SemHash
Benchmarks
Benchmarks for SemHash
We’ve benchmarked SemHash on a variety of datasets to measure the deduplication performance and speed. The benchmarks were run with the following setup:
- The benchmarks were all run on CPU
- The benchmarks were all run with
use_ann=True
- The used encoder is the default encoder (potion-base-8M).
- The timings include the encoding time, index building time, and deduplication time.
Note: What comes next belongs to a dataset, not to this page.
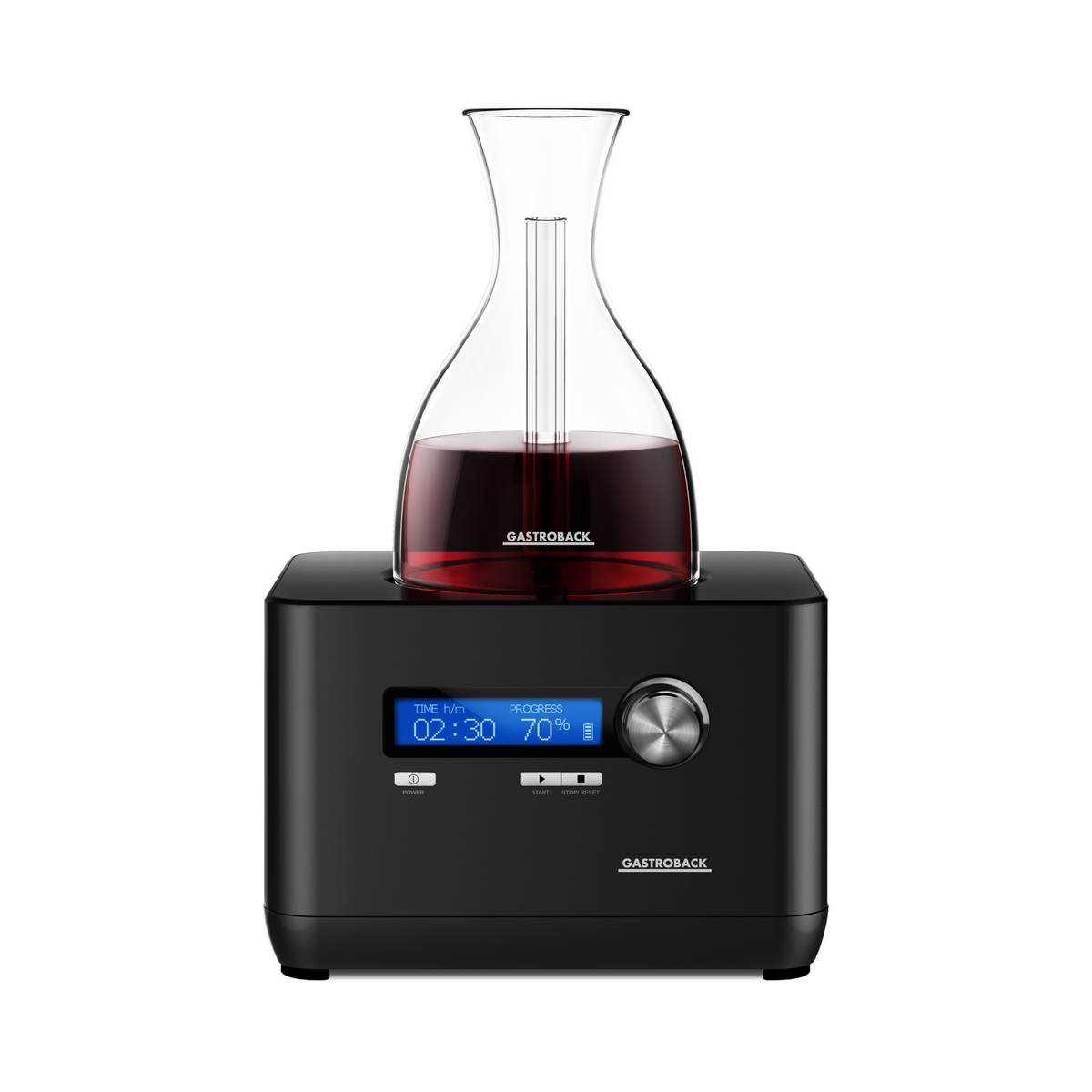 Gastroback Home Sommelier 47000 | T-MLX38689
Train Deduplication Benchmark
Dataset | Original Train Size | Deduplicated Train Size | % Removed | Deduplication Time (s) |
---|---|---|---|---|
bbc | 1225 | 1144 | 6.61 | 0.57 |
senteval_cr | 3012 | 2990 | 0.73 | 0.14 |
tweet_sentiment_extraction | 27481 | 26695 | 2.86 | 1.77 |
emotion | 16000 | 15695 | 1.91 | 0.77 |
amazon_counterfactual | 5000 | 4992 | 0.16 | 0.33 |
ag_news | 120000 | 106921 | 10.90 | 5.20 |
enron_spam | 31716 | 20540 | 35.24 | 2.03 |
subj | 8000 | 7990 | 0.12 | 0.63 |
sst5 | 8544 | 8526 | 0.21 | 0.58 |
20_newgroups | 11314 | 10684 | 5.57 | 0.73 |
hatespeech_offensive | 22783 | 22090 | 3.04 | 0.92 |
ade | 17637 | 15718 | 10.88 | 0.73 |
imdb | 25000 | 24830 | 0.68 | 1.76 |
massive_scenario | 11514 | 9366 | 18.66 | 0.47 |
student | 117519 | 63856 | 45.66 | 8.80 |
squad_v2 | 130319 | 109698 | 15.82 | 8.81 |
wikitext | 1801350 | 884645 | 50.89 | 83.53 |
Train/Test Deduplication Benchmark
Dataset | Train Size | Test Size | Deduplicated Test Size | % Removed | Deduplication Time (s) |
---|---|---|---|---|---|
bbc | 1225 | 1000 | 870 | 13.00 | 0.71 |
senteval_cr | 3012 | 753 | 750 | 0.40 | 0.13 |
tweet_sentiment_extraction | 27481 | 3534 | 3412 | 3.45 | 1.53 |
emotion | 16000 | 2000 | 1926 | 3.70 | 0.65 |
amazon_counterfactual | 5000 | 5000 | 4990 | 0.20 | 0.51 |
ag_news | 120000 | 7600 | 6198 | 18.45 | 3.74 |
enron_spam | 31716 | 2000 | 1060 | 47.00 | 1.94 |
subj | 8000 | 2000 | 1999 | 0.05 | 0.62 |
sst5 | 8544 | 2210 | 2205 | 0.23 | 0.59 |
20_newgroups | 11314 | 7532 | 7098 | 5.76 | 2.25 |
hatespeech_offensive | 22783 | 2000 | 1925 | 3.75 | 0.77 |
ade | 17637 | 5879 | 4952 | 15.77 | 0.81 |
imdb | 25000 | 25000 | 24795 | 0.82 | 2.81 |
massive_scenario | 11514 | 2974 | 2190 | 26.36 | 0.46 |
student | 117519 | 5000 | 2393 | 52.14 | 3.78 |
squad_v2 | 130319 | 11873 | 11863 | 0.08 | 7.13 |
wikitext | 1801350 | 4358 | 2139 | 50.92 | 40.32 |
As can be seen, SemHash is extremely fast, and scales to large datasets with millions of records. There are some notable examples of train/test leakage, such as enron_spam
and student
, where the test dataset contains a significant amount of semantic overlap with the training dataset.